BEGIN Given data

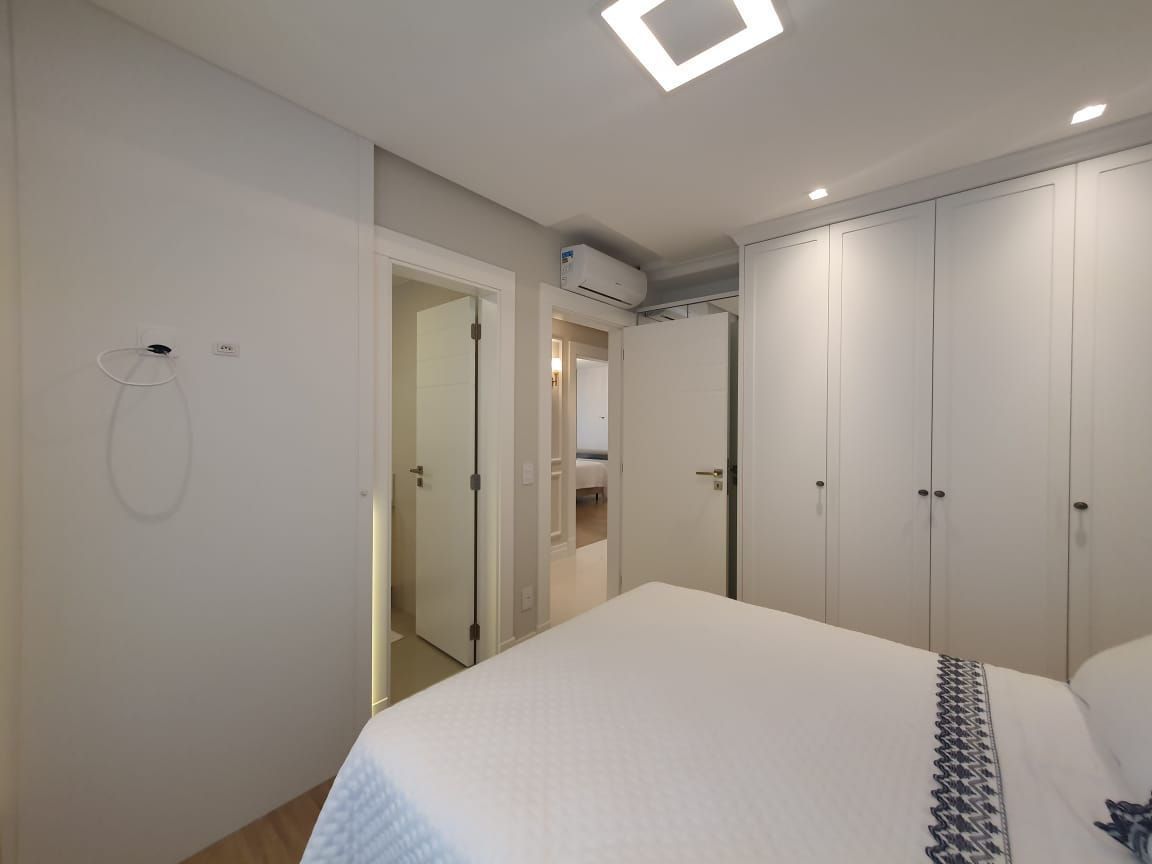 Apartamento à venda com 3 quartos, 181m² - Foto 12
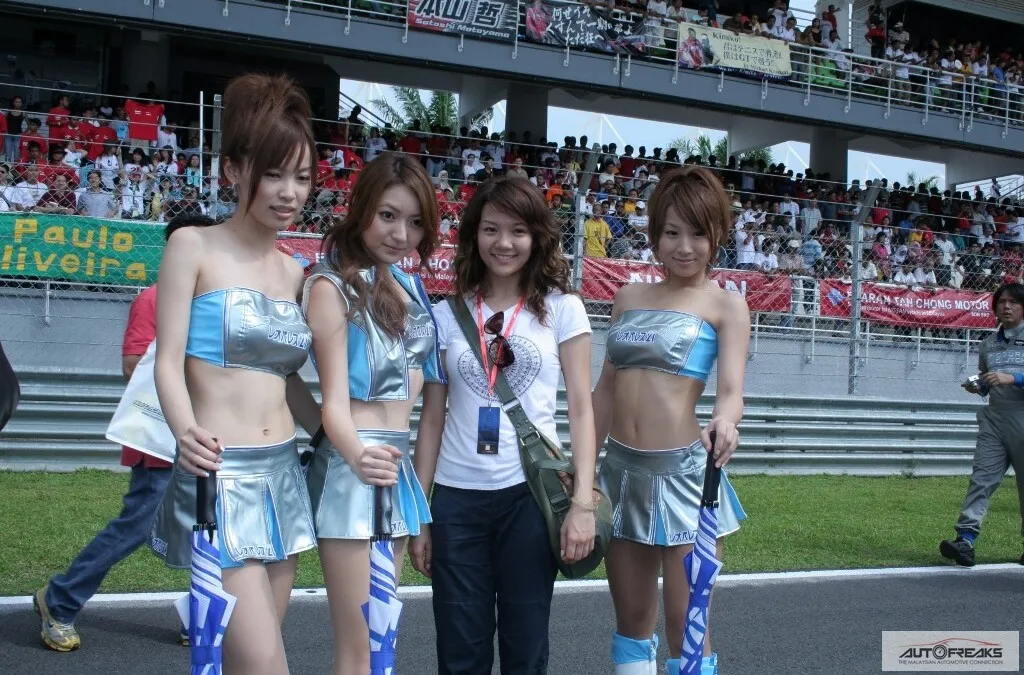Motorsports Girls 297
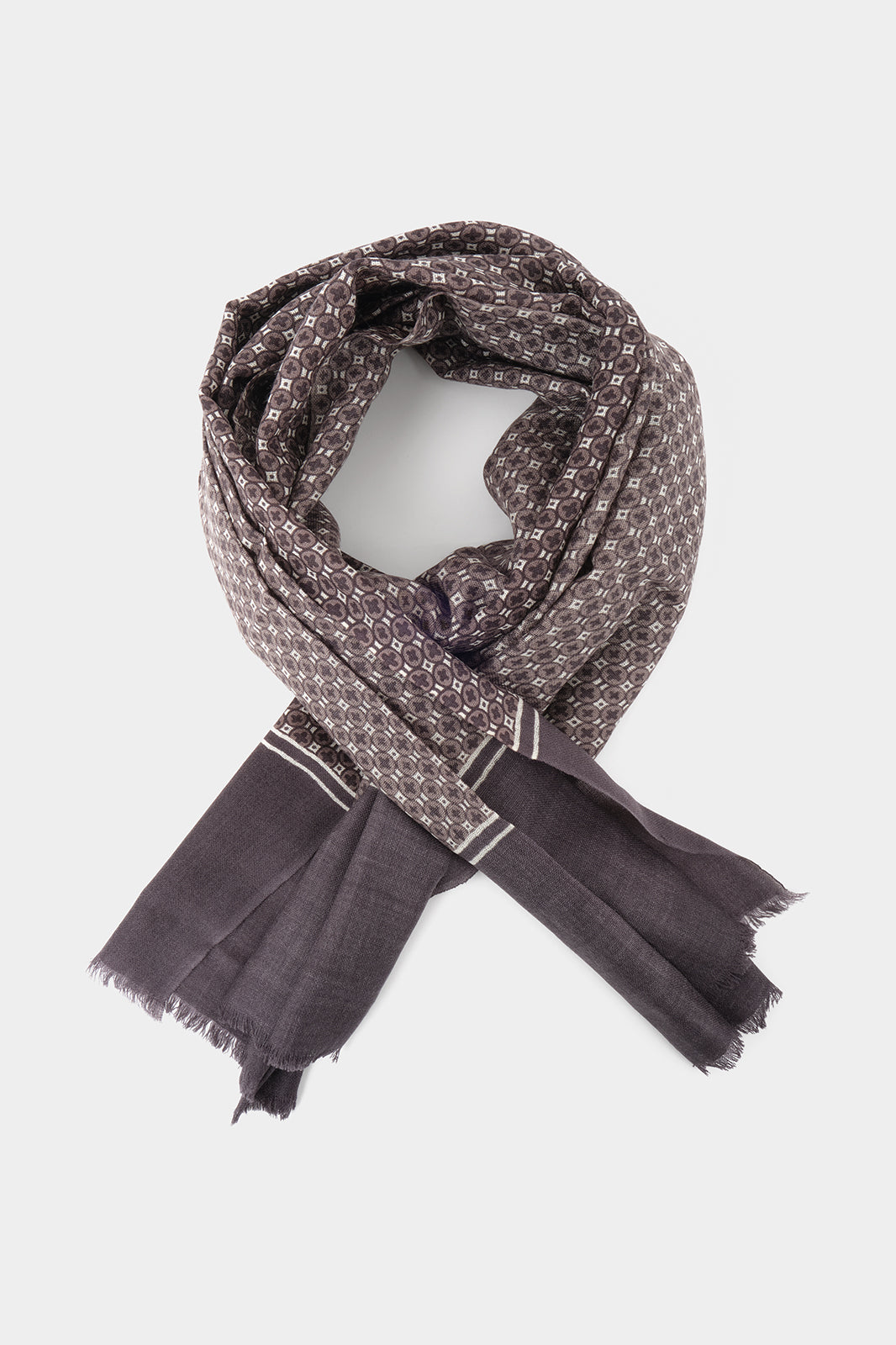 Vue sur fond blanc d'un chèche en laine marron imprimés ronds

END Given data
BEGIN Given data

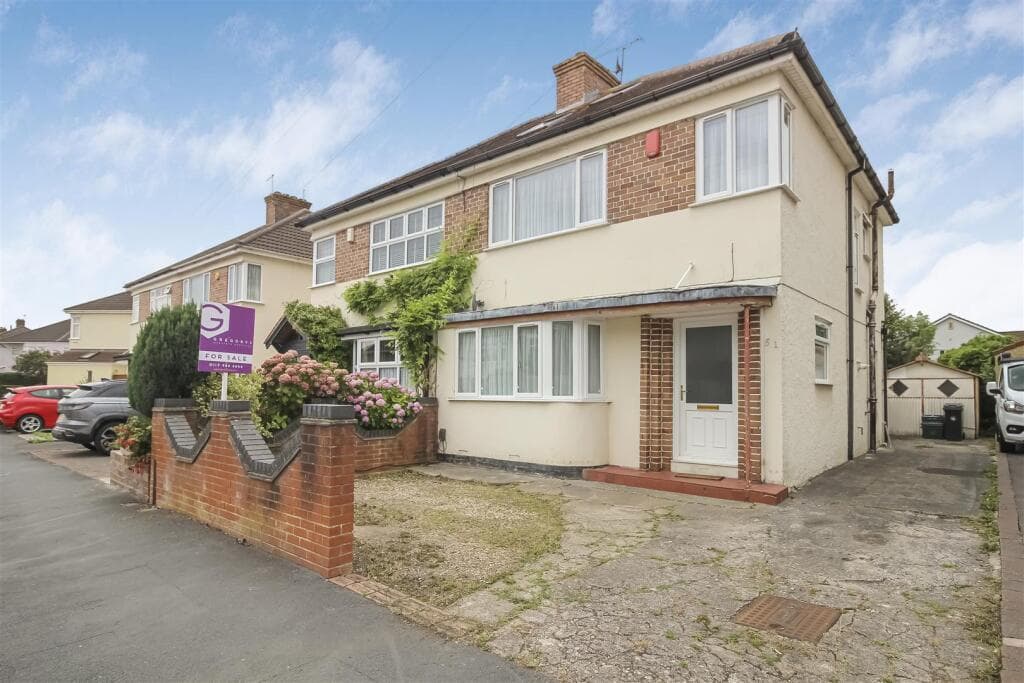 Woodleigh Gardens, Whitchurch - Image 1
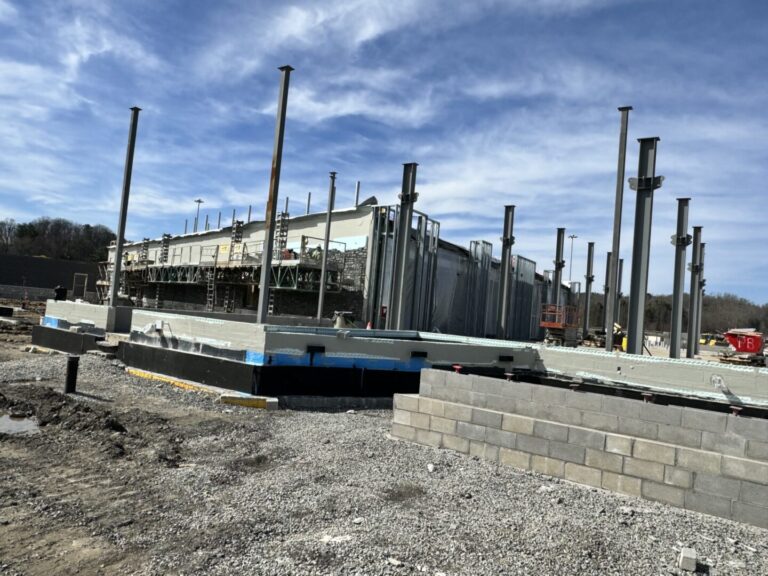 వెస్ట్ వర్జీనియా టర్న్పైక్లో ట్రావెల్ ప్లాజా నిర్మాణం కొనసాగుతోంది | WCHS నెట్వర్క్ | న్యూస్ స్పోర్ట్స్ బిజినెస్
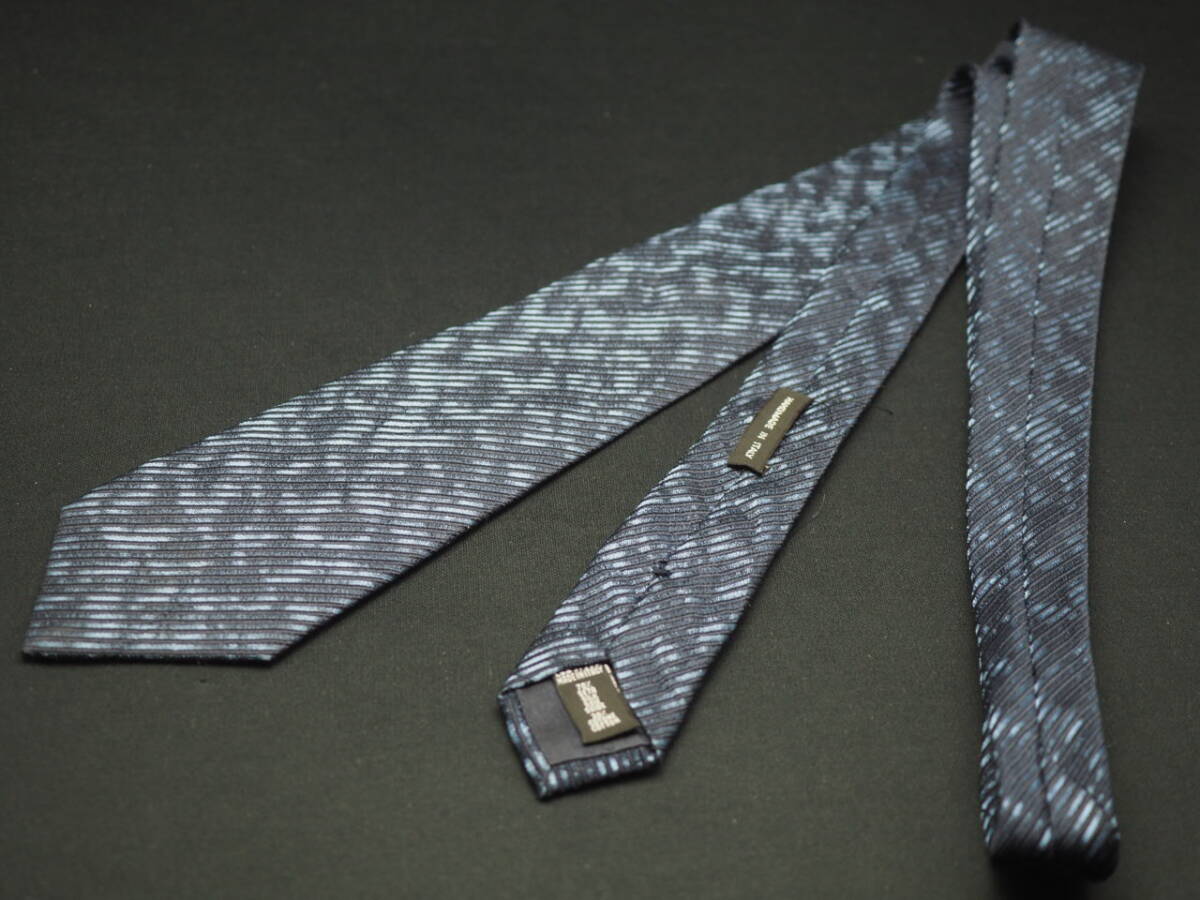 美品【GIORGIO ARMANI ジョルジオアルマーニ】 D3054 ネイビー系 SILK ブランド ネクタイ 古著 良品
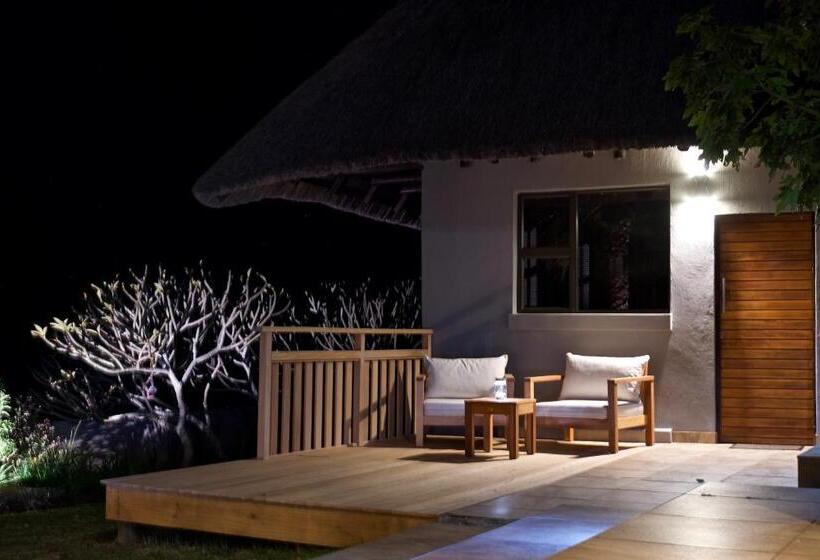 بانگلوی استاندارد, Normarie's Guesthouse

END Given data
BEGIN Given data

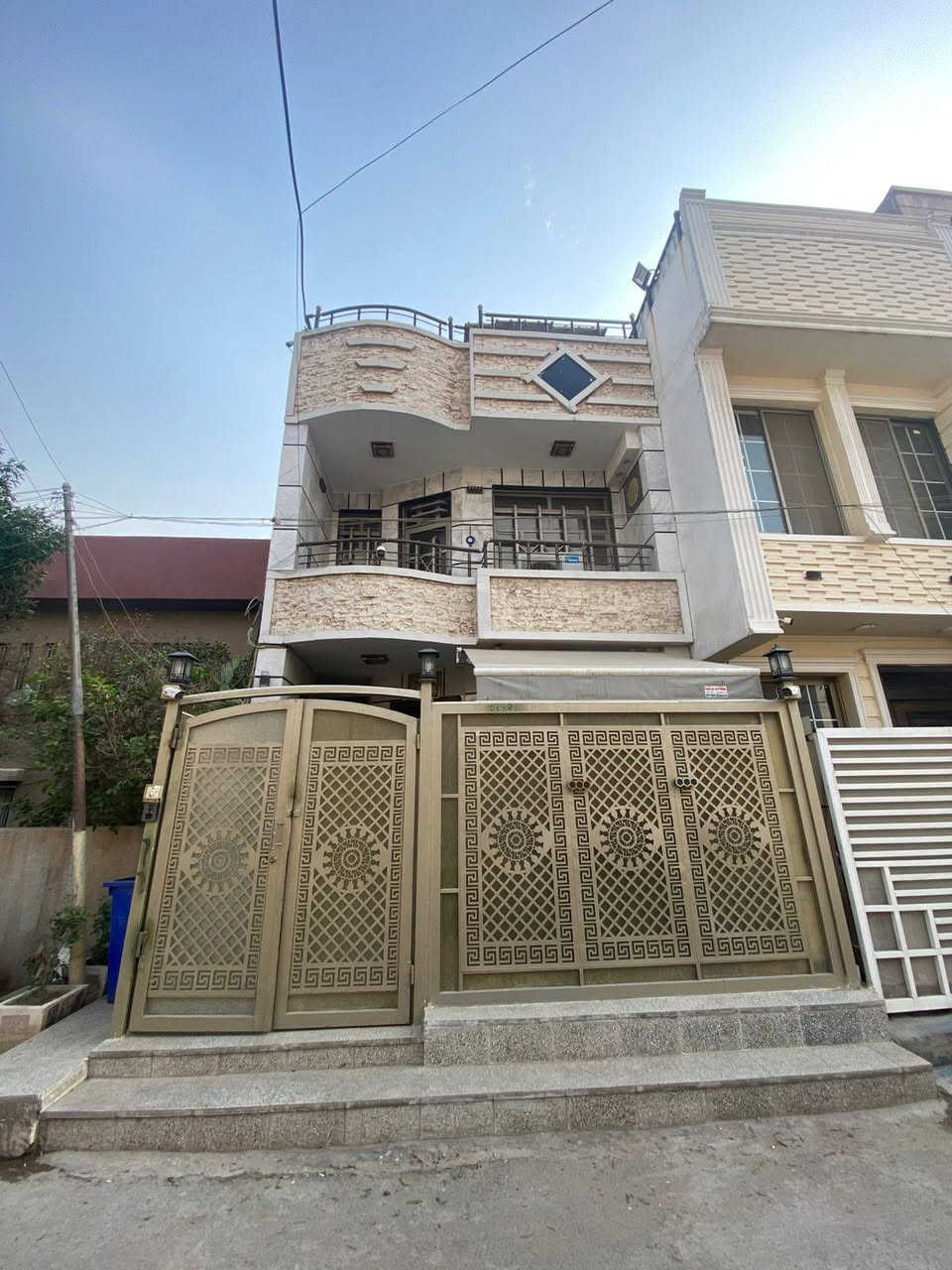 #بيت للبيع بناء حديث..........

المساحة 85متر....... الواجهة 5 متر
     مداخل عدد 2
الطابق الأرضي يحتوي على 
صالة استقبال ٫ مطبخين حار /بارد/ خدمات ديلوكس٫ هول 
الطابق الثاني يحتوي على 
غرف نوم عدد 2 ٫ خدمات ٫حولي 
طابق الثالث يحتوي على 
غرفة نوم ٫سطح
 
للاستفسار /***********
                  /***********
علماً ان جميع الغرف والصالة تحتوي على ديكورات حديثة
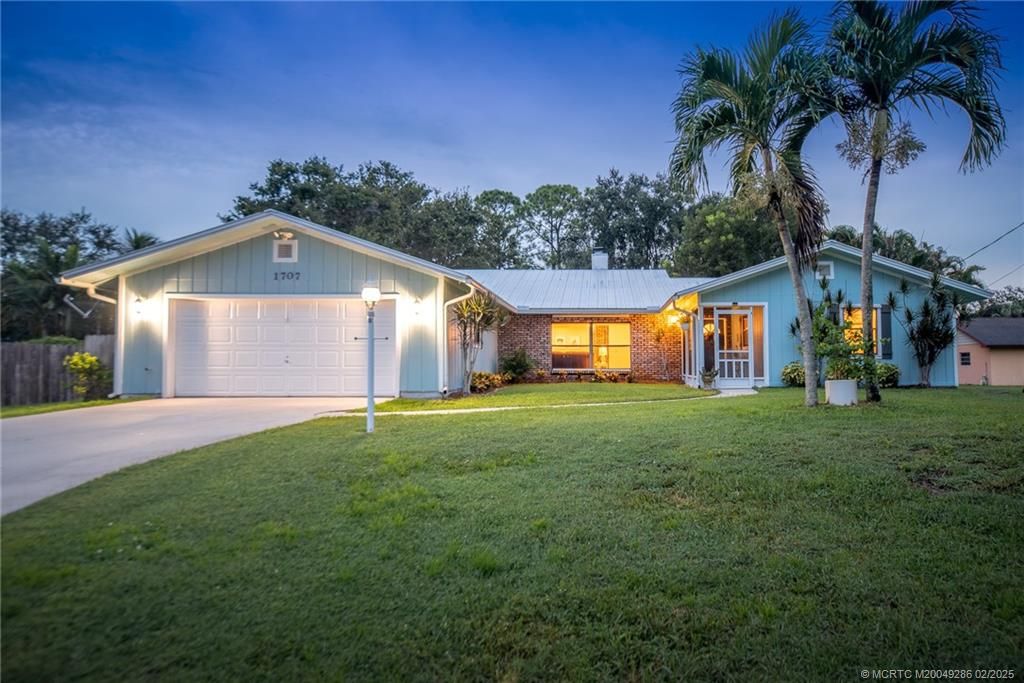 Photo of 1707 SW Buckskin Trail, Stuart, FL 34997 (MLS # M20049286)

END Given data

Supply only the count of lines above holding "الطابق".

2